Exercise details:
Pictures in the records below must be left out. Return exactly the lines from the line with "Cervical Discectomy amp" to the line with "Гиперлордоз поясничного отдела норма", both included.

Given data:
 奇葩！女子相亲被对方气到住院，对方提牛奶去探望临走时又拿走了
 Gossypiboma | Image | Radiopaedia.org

---

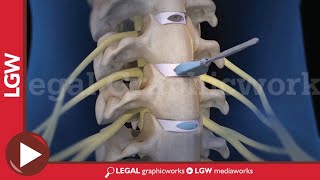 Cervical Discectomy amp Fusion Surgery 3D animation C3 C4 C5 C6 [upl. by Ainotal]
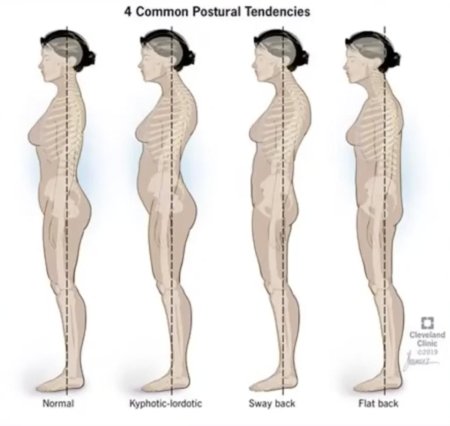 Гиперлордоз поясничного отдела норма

Response to this exercise:
 Cervical Discectomy amp Fusion Surgery 3D animation C3 C4 C5 C6 [upl. by Ainotal]
 Гиперлордоз поясничного отдела норма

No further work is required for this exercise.